Arts Listings

BHS Revives ‘Hair’ for 40th Anniversary

By Ken Bullock, Special to the Planet
Tuesday May 01, 2007

Students at Berkeley High will “Let the Sunshine In” by performing a 40th anniversary celebration—and critical examination—of the musical Hair, this weekend and next on campus at the Florence Schwimley Theater. 

Director Maya Gurantz, founder of the East Bay theater troupe Ten Red Hen, which just finished their run of Clown Bible at the Willard School Metalshop Theater, called the production “a full collaboration with the students; they own the piece. They’ve been so creative.”  

“I was interested in a way for the cast to look at the legacy of hippies at Berkeley High and in their lives,” Gurantz said. “Hair itself wasn’t written by hippies, but by a couple of out-of-work New York actors. There’s a famous letter by Hal Prince to them saying there’s nothing experimental at all about the play. The music is ‘50s music, not ‘60s. It’s not genuine to the period, yet its legacy is that people are moved by it. It’s still provocative. It’s full of contradictions and we use it as a way to look at the contradictions of the legacy of the ‘60s.” 

The cast did their own research on the background, interviewing parents, teachers and others about the times the musical claims to exemplify 

“It was an opportunity to ask their parents and themselves what it was all about,” said Gurantz. “There’s something self-selective about doing this here, now ... so many of the parents came to the Bay Area from elsewhere looking for something. That already changes the tenor of who their kids are. One parent’s a wonderful photographer and has put together a display of pictures of parents then [in the ‘60s] until now, which will go up in the lobby with an exhibit of our research notes.” 

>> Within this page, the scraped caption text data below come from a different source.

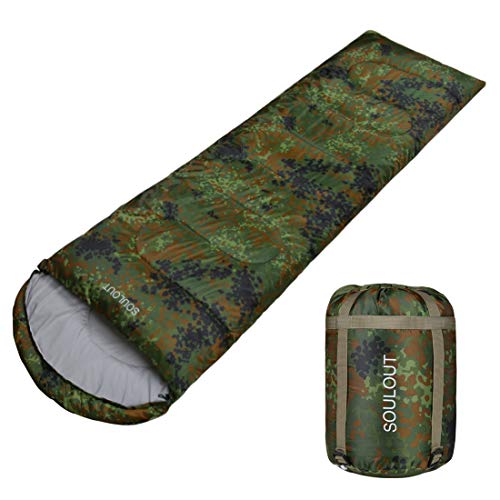 Envelope Sleeping Bag - 4 Seasons Warm Cold Weather Lightweight, Portable, Waterproof With Compression Sack for Adults & Kids - Indoor & Outdoor Activities: Traveling, Camping, Backpacking, Hiking - Thumbnail 7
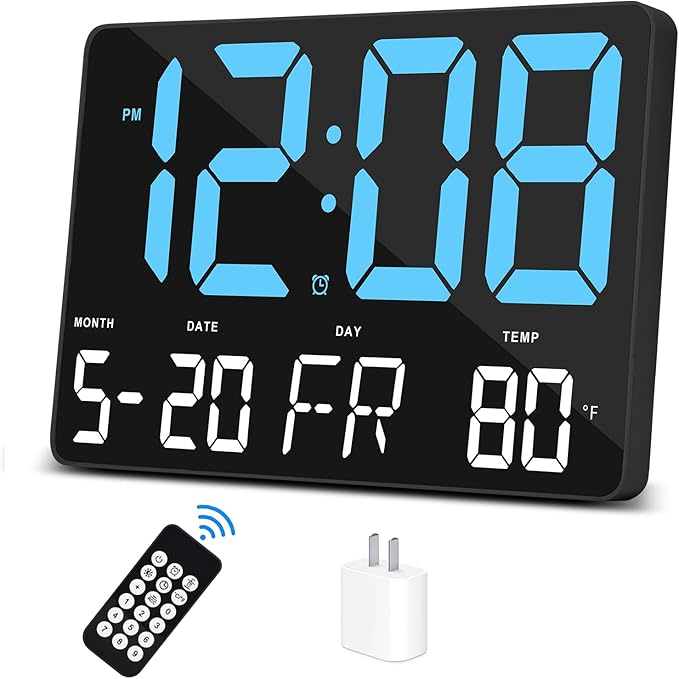 Amgico Digital Alarm Clock with Snooze, Temperature, Auto Dimming, 11.5" Large Display Calendar, Desk/Wall Clock for Bedroom, Living Room, Office, Home, Classroom, Kids, Elderly - Blue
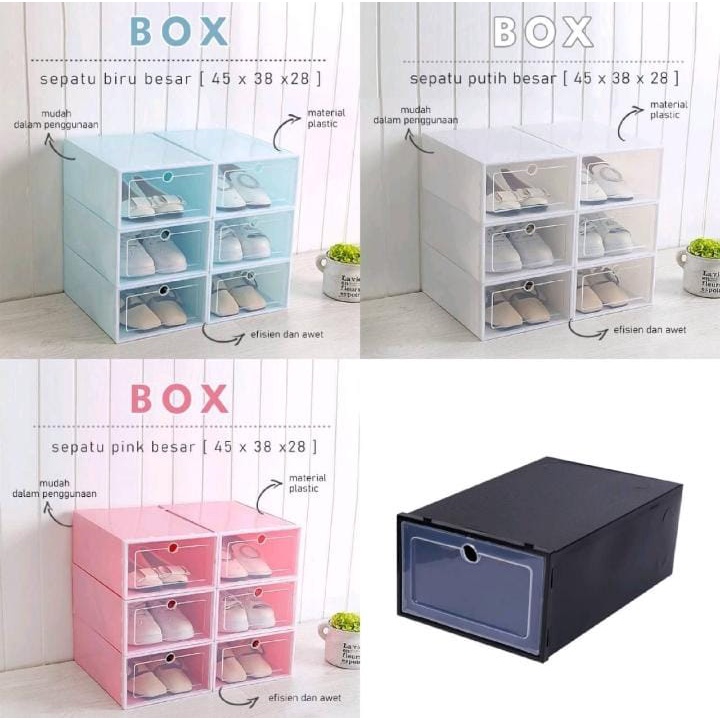 Kotak Sepatu Lipat Transparan Tebal Shoes Storage Box Organizer Rak Sepatu Plastik Susun / Box Penyimpanan Sepatu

The play opens with a stage jammed “with so much stuff that it’s like a storage space. The cast enters as themselves, present-day Berkeley High students. There’s hardly any room for them! But they excavate and clear away all the clutter.”  

One number, “Going Down,” about getting expelled from school, which traditionally features actors as administrators with Hitler mustaches, proves a wry moment.  

“It makes no sense to Berkeley High kids,” said Gurantz. “And the real, present-day administrators watch the scene and say, ‘We’re so proud of our students challenging authority!’” 

Pianist and composer Dave Molloy, a colleague of Gurantz from Ten Red Hen, supervised the music, and according to Gurantz, the tone is definitely post-’60s: “An uptight girl comes out and sings ‘Aquarius,’ as if it’s the Pledge of Allegiance, and all the others react, ‘O God, not that song again!’ ”  

“There have been multiple productions every year for the past 40 years of Hair,” Gurantz said. “It’s usually presented as a nostalgia fest, nostalgia for something that maybe never was. An expression of yearning—I think the title song’s a sad song. Nostalgia for the ‘60s is often expressed as some idea of authenticity before everything became a commodity. But Hair was a commodity before it opened. It’s bizarre to do Hair in Berkeley, more than anywhere else. The strangest thing. But it’s the thing to do.” 

 

HAIR 

8 p.m. Friday and Saturday and 2 p.m., Sunday through May 12. $7-$15. Florence Schwimley Theater, Berkeley High School campus.